At this point in the writing process, a schism opens up in me, like a yawning chasm of perplexity, because it’s my turn to talk about the submissions that won third and first prize in this competition. And then, bang, the blank-page syndrome hit me, like a spell cast by a thwarted muse. An unconscious sign of my dislike for these two works? Probably. So explaining why is both a duty and a liberation.

Annabelle Dvir’s Fictions, which won third prize, imagines a rock concert in traditional dress, attempting to navigate the tumultuous waters of a cyclothymic dramaturgy to represent the perdition of a mind between reality and hallucinations. The piece exudes a certain physicality, but alas, even the most dynamic movements can’t save a humour that falls flat and an overplayed theatricality. It’s a bit like attending a festival of grimaces in the hope of finding some Shakespeare: you end up sucked in, exhausted, drained of your last strength.
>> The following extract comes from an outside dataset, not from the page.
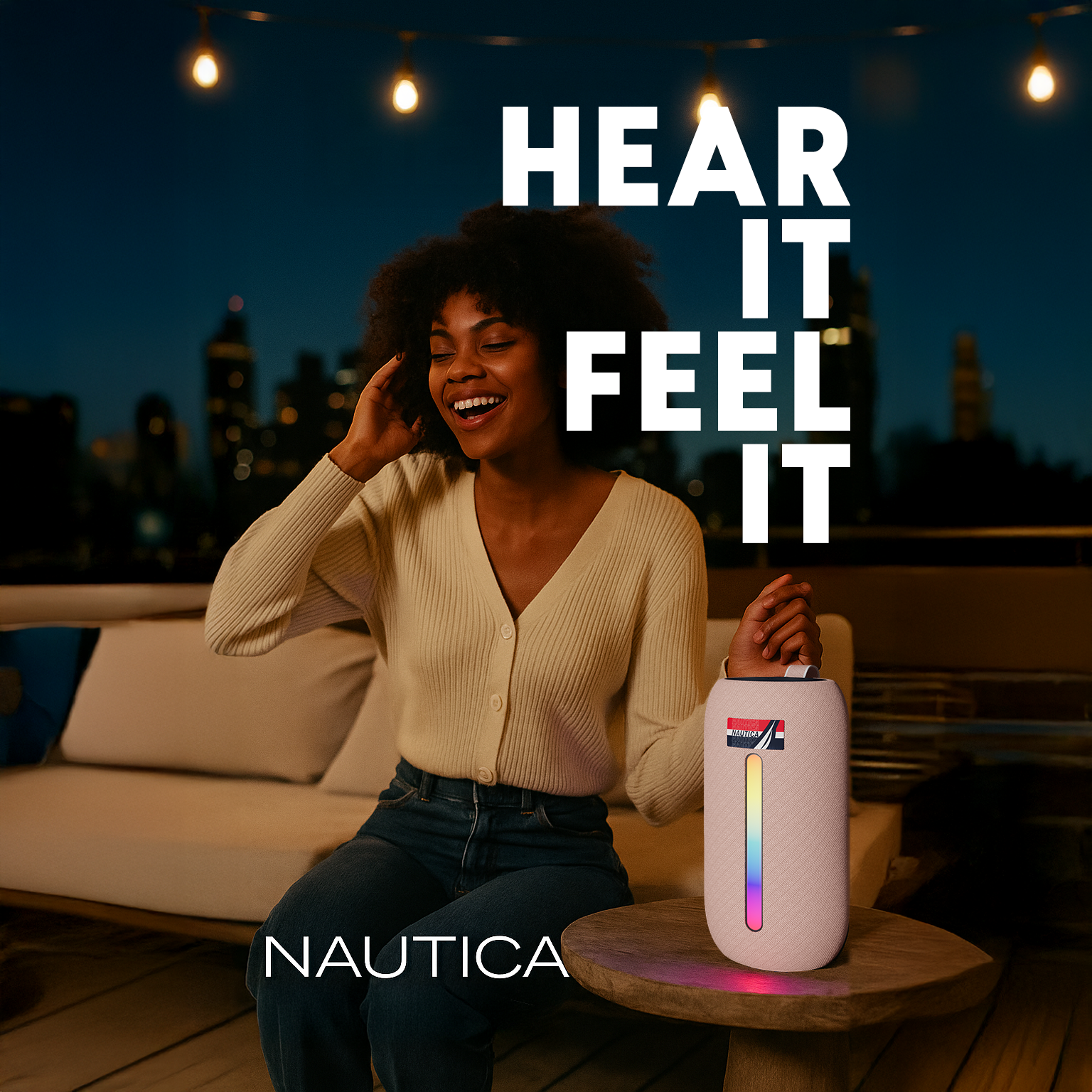 Nautica Portable Bluetooth Speaker – IP5 Splash-Proof Outdoor Wireless Speaker for Travel, Beach, Camping – SP600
Finally, Mounia Nassangar’s creation S.T.U.C.K, which won first prize in the Danse Élargie competition, offers us a technical demonstration of waacking… and that’s about it. An energetic frontal choreography from which nothing escapes. It’s abysmally empty. So yes, it’s still effective in a competition because the dance technique is impressive to watch – but this is a choreography competition, and we don’t see any of the components of a real choreographic work. Instead, there is an overwhelmingly simple theme, a non-existent spatial and dramaturgical composition and a movement style that never seems to stray from waacking codes. In short, it’s cool and bankable for 10 minutes, but I can’t see it expanded to a traditional show format.


Blue Quote Mark

The cultural field seems to be a veritable game of musical chairs, with everyone trying to keep their balance while advancing their pawns

Blue Quote Mark

In any competition, there are always grey areas, doubts and questions, like so many balloons floating in the air. That Saïdo Lehlouh, co-director of the Centre Chorégraphique de Rennes et de Bretagne, coordinator of this 2024 edition and executive producer of Mounia Nassangar’s creation, is part of the final jury is obvious, but does this compromise his impartiality and therefore the outcome of the competition?
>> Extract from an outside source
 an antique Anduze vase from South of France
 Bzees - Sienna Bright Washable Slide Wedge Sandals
At the awards ceremony, the speeches could easily have touched on current French politics, but they did not. And what about the presence of an Israeli artist on the podium, in the midst of a genocidal war in Gaza? Everyone seemed to ignore the issue, which made it seem like the elephant in the room. Can the French cultural field look its contradictions in the face and try to assert a public voice? A question to ponder.

The cultural field, with its intertwining of interests, seems to be a veritable game of musical chairs, with everyone trying to keep their balance while advancing their pawns. What is the real purpose of these practices? How can we reinvent ourselves and restore clarity to our institutions and professional practices?

These are the questions that keep nagging at me.

In conclusion: I digress!

So there you have the 2024 edition of Danse Élargie.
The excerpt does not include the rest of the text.